Another way these Chinese companies get user information is through the gift card message included in the package with the purchased item. I had such a message in a Chinese-made product I bought. They said if I went to a certain website and registered they would give me a $50 Amazon gift card. Actually, I liked the product and gave it a 4-star review but, though I registered for the gift card, I never received it. To be honest, the site they sent me to looked amateurish but I figured I had nothing to lose. There was no follow-up asking for a 5-star rating.
It should be noted that there are companies and software that can help companies associate a bad review with a hidden email.
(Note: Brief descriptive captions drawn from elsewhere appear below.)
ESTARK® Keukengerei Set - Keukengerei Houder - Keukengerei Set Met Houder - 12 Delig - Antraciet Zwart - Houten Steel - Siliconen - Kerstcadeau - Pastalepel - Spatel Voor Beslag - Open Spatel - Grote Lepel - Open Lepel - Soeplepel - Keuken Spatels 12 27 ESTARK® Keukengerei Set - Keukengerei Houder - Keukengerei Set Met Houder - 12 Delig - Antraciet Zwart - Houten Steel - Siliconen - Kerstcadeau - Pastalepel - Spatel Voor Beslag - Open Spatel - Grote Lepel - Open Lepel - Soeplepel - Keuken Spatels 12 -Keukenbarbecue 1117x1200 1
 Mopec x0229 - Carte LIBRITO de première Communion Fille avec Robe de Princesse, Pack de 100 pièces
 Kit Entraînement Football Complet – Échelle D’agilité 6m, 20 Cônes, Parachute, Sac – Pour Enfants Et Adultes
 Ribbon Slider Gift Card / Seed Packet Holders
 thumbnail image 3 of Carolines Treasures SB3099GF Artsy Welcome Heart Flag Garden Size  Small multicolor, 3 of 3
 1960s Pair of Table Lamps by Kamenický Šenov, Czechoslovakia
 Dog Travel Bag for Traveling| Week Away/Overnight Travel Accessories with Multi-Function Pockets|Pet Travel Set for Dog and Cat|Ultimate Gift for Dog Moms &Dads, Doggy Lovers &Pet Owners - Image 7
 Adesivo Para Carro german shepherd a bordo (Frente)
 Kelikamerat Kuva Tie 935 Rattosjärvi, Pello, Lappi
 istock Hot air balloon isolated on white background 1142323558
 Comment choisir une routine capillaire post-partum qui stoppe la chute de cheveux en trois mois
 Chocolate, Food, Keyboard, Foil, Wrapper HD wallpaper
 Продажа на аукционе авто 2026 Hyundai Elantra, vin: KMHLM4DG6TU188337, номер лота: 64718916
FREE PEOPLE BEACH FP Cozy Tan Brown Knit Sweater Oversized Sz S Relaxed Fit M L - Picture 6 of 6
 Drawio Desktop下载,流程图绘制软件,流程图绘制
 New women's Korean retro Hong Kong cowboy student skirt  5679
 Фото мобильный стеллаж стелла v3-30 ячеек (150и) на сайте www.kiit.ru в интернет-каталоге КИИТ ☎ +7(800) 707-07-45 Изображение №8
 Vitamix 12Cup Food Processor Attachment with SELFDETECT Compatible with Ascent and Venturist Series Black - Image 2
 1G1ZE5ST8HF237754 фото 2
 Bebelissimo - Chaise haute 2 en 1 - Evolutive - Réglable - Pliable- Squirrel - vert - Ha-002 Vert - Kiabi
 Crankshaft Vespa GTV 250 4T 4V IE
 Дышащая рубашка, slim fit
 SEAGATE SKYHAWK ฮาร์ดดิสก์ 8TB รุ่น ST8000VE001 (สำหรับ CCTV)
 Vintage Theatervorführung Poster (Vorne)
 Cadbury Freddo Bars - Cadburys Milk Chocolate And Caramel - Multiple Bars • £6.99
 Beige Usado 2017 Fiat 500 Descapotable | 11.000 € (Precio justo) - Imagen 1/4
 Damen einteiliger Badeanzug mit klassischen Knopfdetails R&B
They usually use some associations they find on social media. For a price, other firms will badger a negative reviewer with emails once they get their address.
In any event, the message did have the desired affect. It did frighten the woman who wrote the review. This is what motivated her father to contact the forum. He wanted to find out if those behind the threat could do what they claimed they could do. The general consensus of the forum was that the company had no one inside Amazon and probably wouldn’t have enough information to take over her account. Actually, if they knew what they were doing, the company could have attempted some sort of phishing attack. But, as others pointed out, if they were really good hackers with someone inside Amazon, they could simply delete the review themselves.
Most tech-savvy users will have no problem ignoring such threats but many average people may worry enough to take down a negative review. In fact, if this new technique works, expect more and more people to be threatened. Amazon has been contacted by a number of people concerning this incident but the company, and this particular product, is still being advertised on Amazon. That said, it is listed as “currently unavailable” which may mean that they are being suspended until Amazon completes an assessment of this situation.
Honest reviews are important. Almost everyone reads them before purchasing a product. However, in the current environment, it is best to ignore 5-star reviews unless they go into great detail on why they like a product so much. In addition, it would help everyone if people report any company trying to bribe them or extort a positive review from them. Throw a 1-star review into the bargain. Amazon simply doesn’t have the resources to do this monitoring on its own so this has to be a grassroots movement to keep reviews as a valid source of valuable information.